One of the highlights of the past month came after receiving an invite from my Thailand brother and buddy, Fame, to visit his home in an Akha Hill tribe a little more than three hours north of Chiang Mai. Fame was kind enough to let me tag along for the annual rice planting ceremony that he was obligated to perform. I jumped at the opportunity, and after a long van ride and two Song-Taews, we made it!
Upon arriving, Fame took me around the village, first showing me an interesting development that I later learned was one of the many Royal Projects occurring all throughout hill tribes in northern Thailand. Travel Impact Newswire describes the projects: His Majesty King Bhumibhol Adulyadej and members of Thailand’s Royal Family have set up numerous village-based community development projects nationwide which are now open for small-scale tourism. They provide unique insights into the King’s concept of a sufficiency economy and are models of alternative economic development.
Sustainable agriculture part of the King’s Royal Project happening in this Akha Village.
Pond and guest accommodations also part of the Royal Project.

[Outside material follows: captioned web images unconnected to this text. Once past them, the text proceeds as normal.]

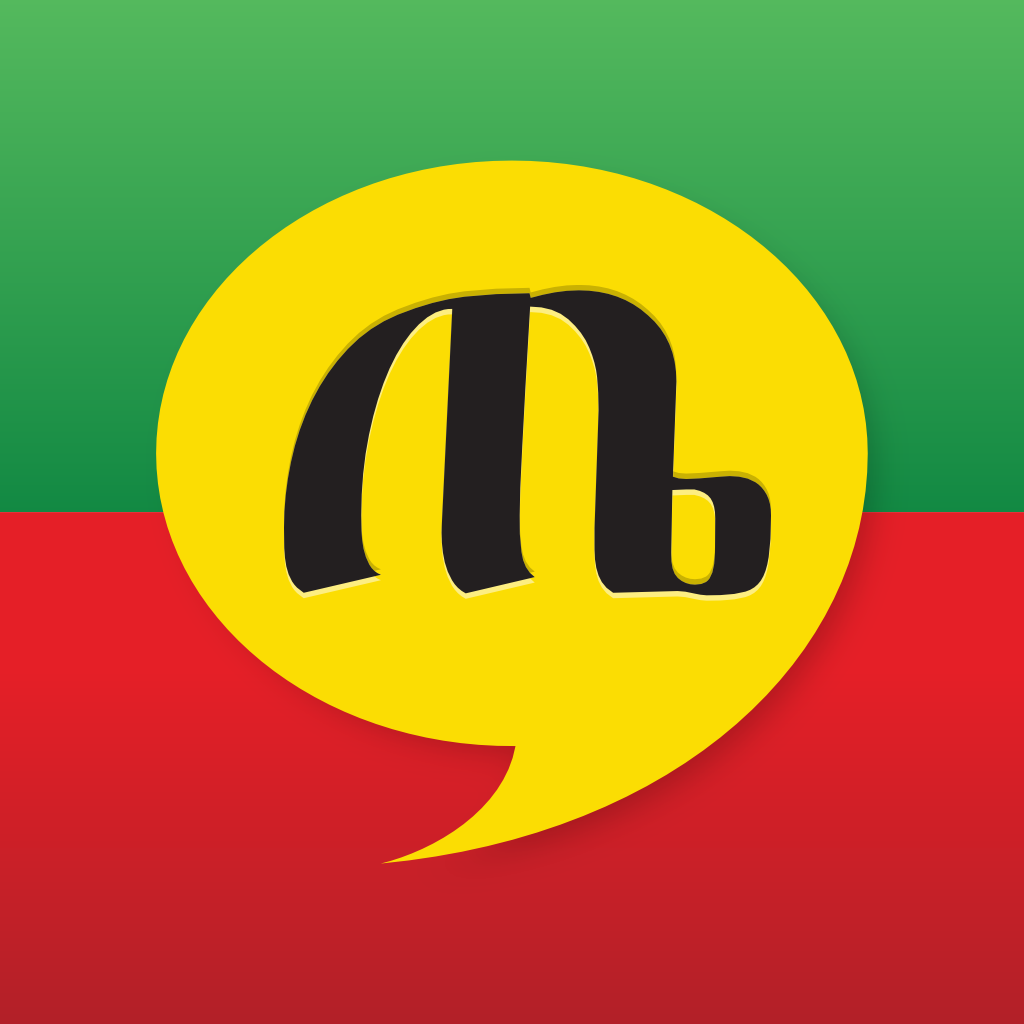 AmharicChat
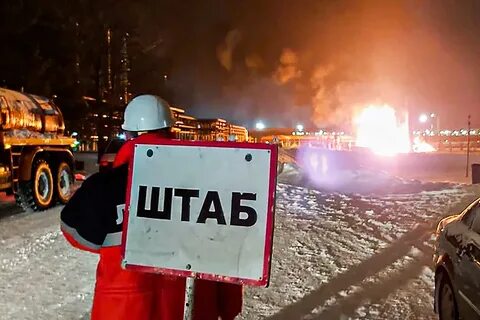 Что случилось на нпз лукойла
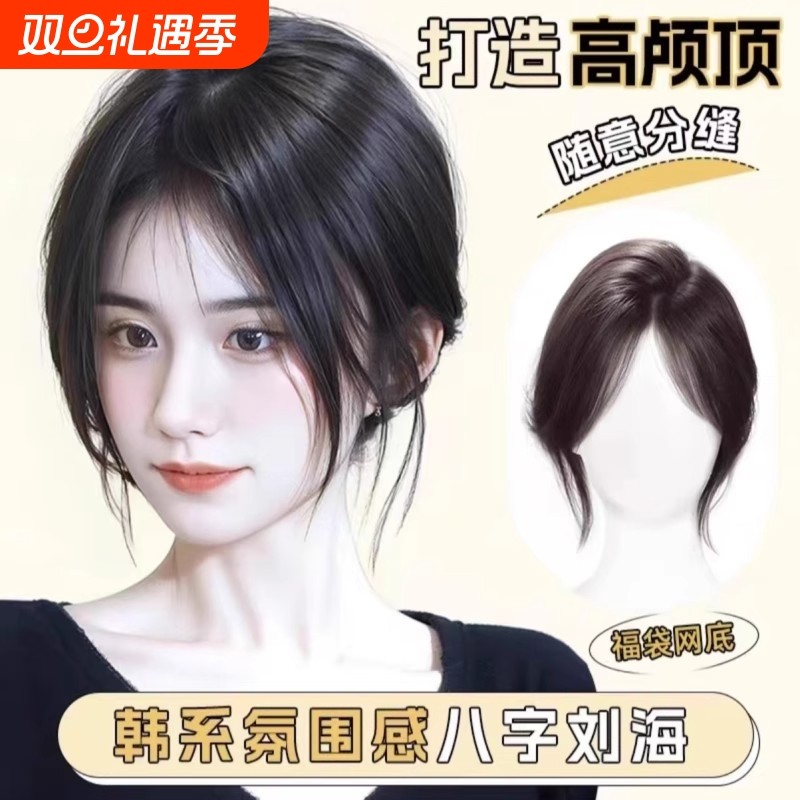 八字刘海假发女片头顶增发量蓬松仿真发假刘海高颅顶假发片前额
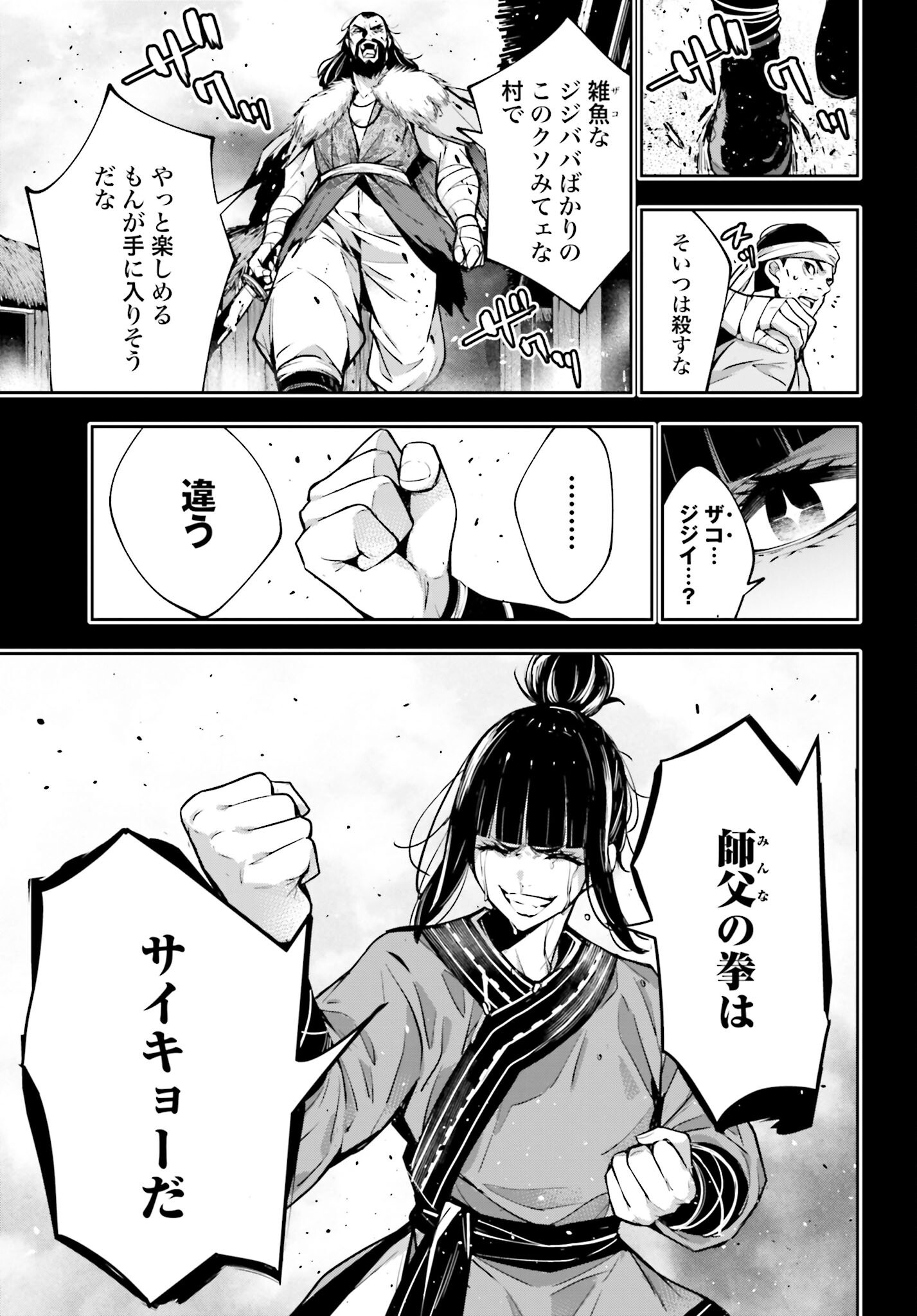 Majo Taisen: 32-nin no Isai no Majo wa Koroshiau - Chapter 49 - Page 19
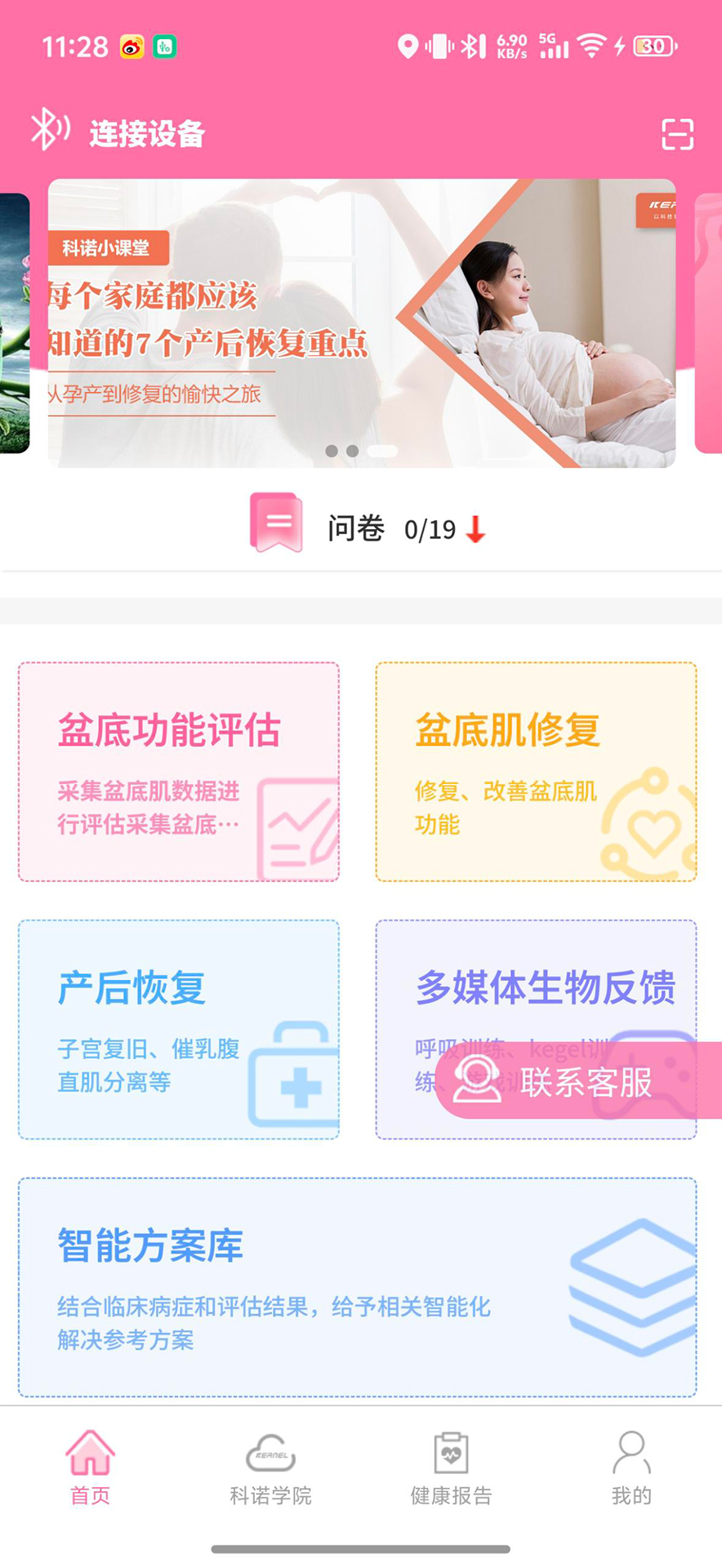 精彩截图-伊诺2026官方新版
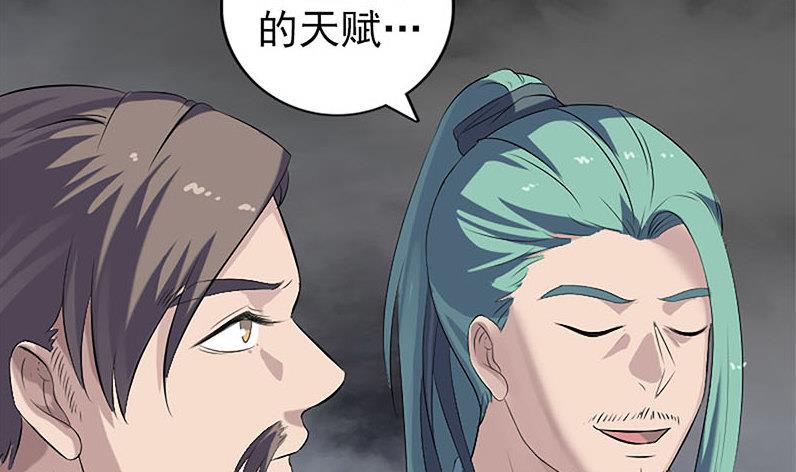 第224话 五行皆空104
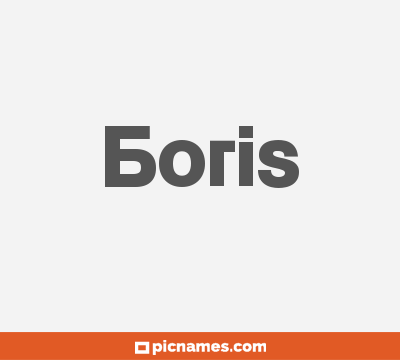 Boris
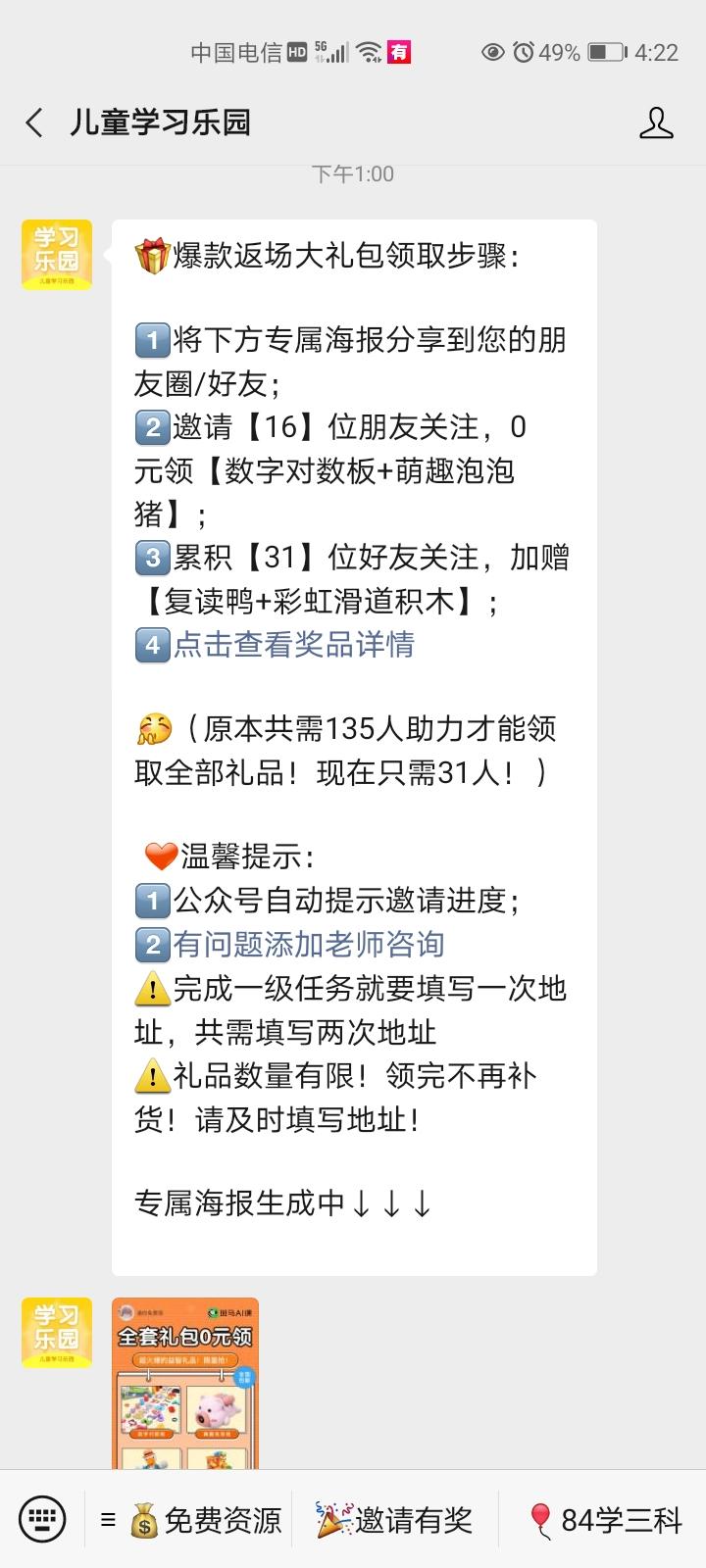 关注 摆摆的任务 验收样图1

From what I understand, many hill tribes were resorting to the drug trade as a means to sustain themselves, and by introducing alternative agricultural and other economic opportunities, the Royal Family sought to combat this growing issue throughout Thailand. That is not to say that the drug trade isn’t alive an well in the villages. Fame explained to me that many of the villagers, especially the elders, use opium, and that the use of the drug and others is very widespread throughout the village. Lack of adequate education is the root of drug and alcohol problems, as is the case throughout the world and even in the US. I was even offered Yaba (which is the Thai analog of methamphetamine) for purchase while in the village, just an indicator of the availability of these socially harmful drugs in an already vulnerable population. Yaba is one of the most notorious problem drugs in all of Thailand, and to be offered and shown those little pink pills was a reminder of the temptation that many of the boys that come to Urban Light must feel on the streets. The reality of the drug’s presence was no longer just a thought; it was physical. It’s addictiveness and availability is so dangerous, and needless to say, I declined the offer and moved along on my tour of the village.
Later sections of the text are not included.